58 billion paper coffee cups are thrown away, unrecycled, each year. The betacup challenge is an effort to reduce this waste.

betacup are inviting people to submit ideas but also to comment and rate others’ ideas, and engage in discussions with other betacup community members and contest jurors.

Thought I'd post this as there are a lot of smart thinking, clever, innovative people here at instructables. Hopefully one of us (or several?) can come up with something positive.
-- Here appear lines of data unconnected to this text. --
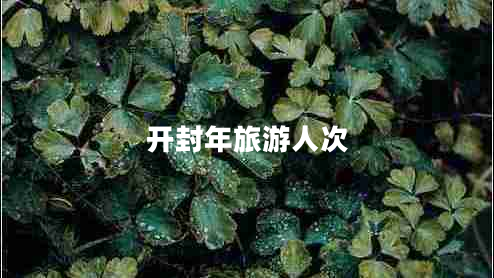 開(kāi)封年旅游人次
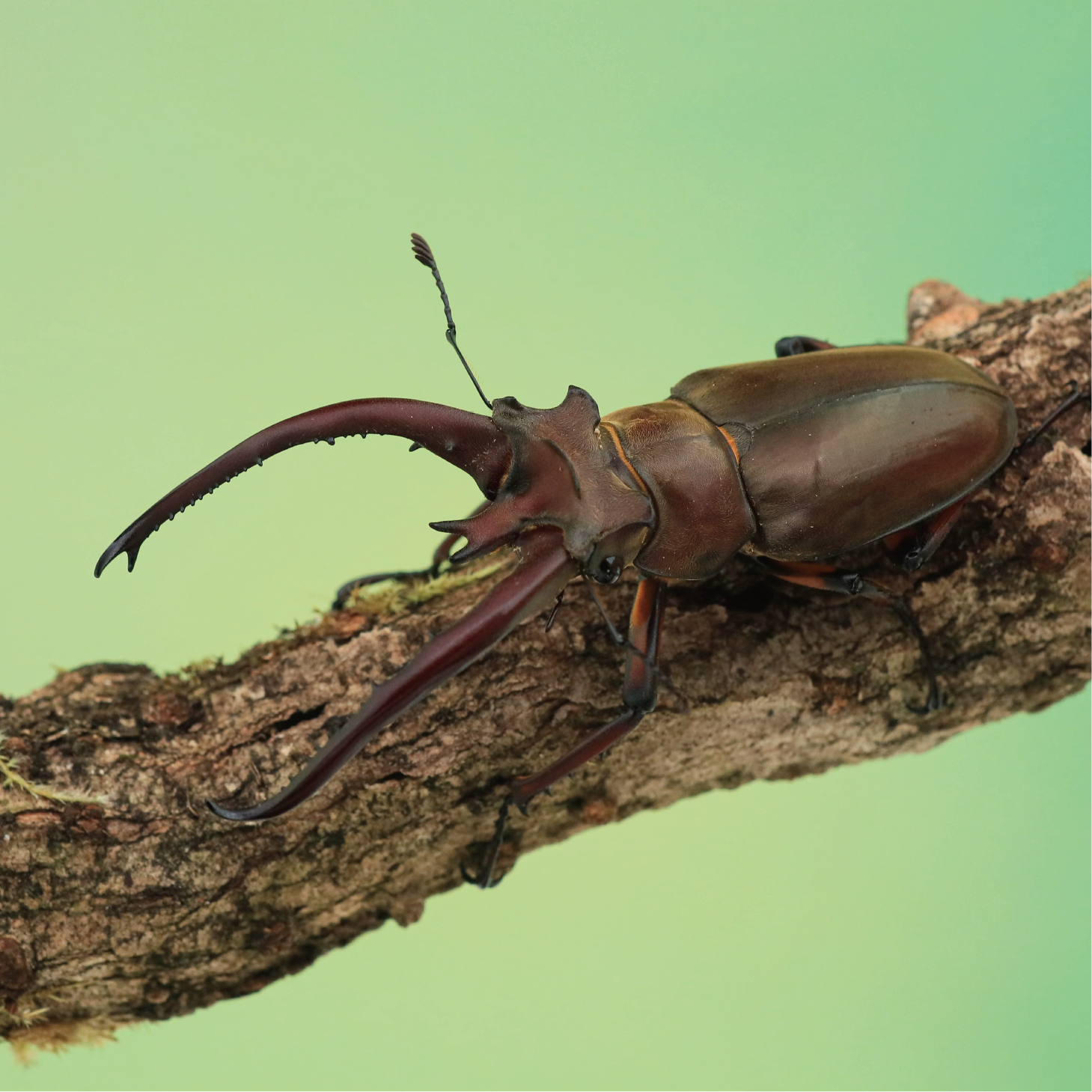 甲壳虫昆虫咬人图片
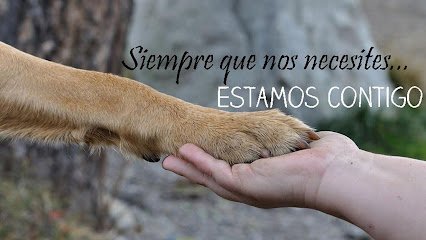 Veterinario Clínica Veterinaria Doble Dog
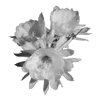 🎀 Эмодзи «Lacewoven Oleander» для Telegram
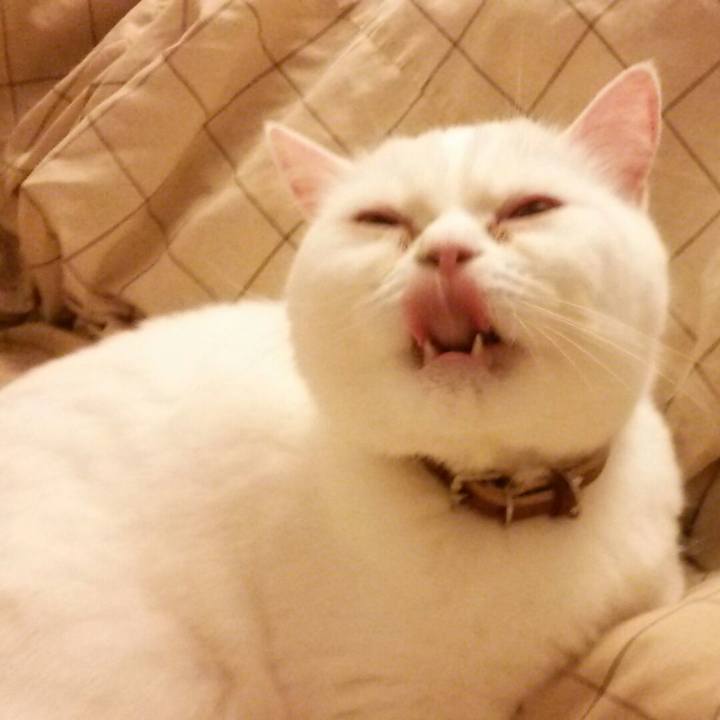 B16de336 b05d 429f bd79 5331a072f9d4 1525015209679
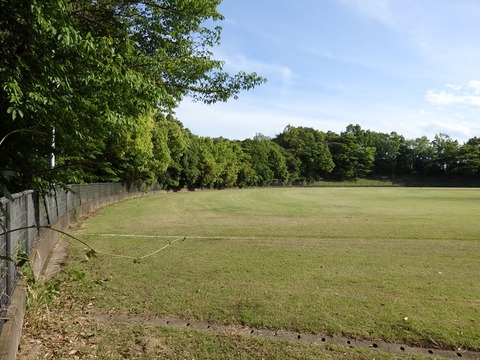 P5093675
Betacup from the betacup on Vimeo.

You should consider:
Waste Reduction – how does the Idea reduce the number of non-recycled coffee cups thrown away each year?
Resources Required – what resources will it take to implement the Idea? (money, energy, water, materials, time, etc)
New or Existing Capabilities – does the Idea use existing technologies or approaches? If not, what must be created or invented to implement the Idea?
The Whole experience – Don’t forget the importance of the “whole experience”. Alternatives to paper cups are available today but they are not being widely used. How effective is the Idea likely to be in achieving its goal?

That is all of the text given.